Por lo mismo, formó y fue director de La Barraca, un grupo de teatro universitario. Su objetivo era educar al público y llevar a su alcance tanto el teatro clásico español del Siglo de Oro como el moderno. Convocó a un grupo de estudiantes, tan entusiastas como fue él mismo durante su corta vida, para difundir obras “con savia del pueblo que lleguen al pueblo”, sin matiz de propaganda alguna más que la educación y el acercamiento de las artes a un público sin acceso a la cultura.
Algunas de las magníficas obras rusas, así como las de Cervantes, Góngora, Lope de Vega, pretendían renovar la pobre escena española y fueron las que viajaron por el país –“por este maravilloso museo folklórico que son las sorpresas de los rincones de España”. El incansable motor del joven y ya reconocido poeta movía al grupo, apoyado por la República, y era celebrado en casi todas partes, dando funciones gratuitas en pueblos y aldeas. El público se conmovía ante la actuación de jóvenes que se hicieron profesionales de la noche a la mañana, seguramente por la vitalidad y el genio de quien los dirigía. Sin saberlo, o sin esa intención, fue un revolucionario desde siempre.

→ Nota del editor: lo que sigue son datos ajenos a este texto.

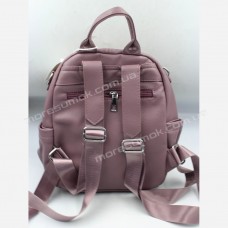 Женские рюкзаки A18 purple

Ya en 1933, tres años antes de su muerte, García Lorca lo decía: “Llevar una obra debajo del brazo va siendo ya heroicidad extraordinaria”. El teatro moderno era peligroso en un país como España. No es que él quisiera hacer un teatro político, pero sí estaba consciente de la época fundamentalmente política que se vivía. Él apuntaba, como no todos lo entendieron, a la formación de “la nueva escena”, a un teatro experimental como se veía en otros países de Europa.
Pero el éxito no era su finalidad: no le satisfacían los halagos. Sabía, incluso siendo tan joven, que el éxito era algo momentáneo y que tenía que ver más bien con la suerte. Si estás en el lugar preciso, a la hora precisa y te encuentras con la gente precisa. Ése es el éxito. Pero puede durar menos que un suspiro. Él tenía muy claro que prefería no ser alabado en vida, pasar desapercibido en festines y, siendo un desconocido, dejar grandes obras para la humanidad.
Nació el 5 de junio de 1898, en Fuente Vaqueros, Granada. Heredó la pasión de su padre y la inteligencia de su madre. Y fue eso lo que hizo: dejarnos la experiencia de una nueva manera de hacer literatura: dramática, desgarrada y fresca. La poesía lógica, declara, le es insoportable. Él busca volver a la inspiración basada en el puro instinto, que es “la razón única del poeta”. En 1928, se define como un “apasionado instintivista”, y sus poemas son ágiles, “briosos –según Armando Bazán– como corceles o como toros andaluces, policromos y encendidos”.
Federico García Lorca fue uno de esos seres siempre niños, absolutamente transparentes, tanto en su vida como en su obra. Jugaba como un niño. Pero el arte era, sin duda, un juego serio. Tan serio que se jugó en él hasta la vida.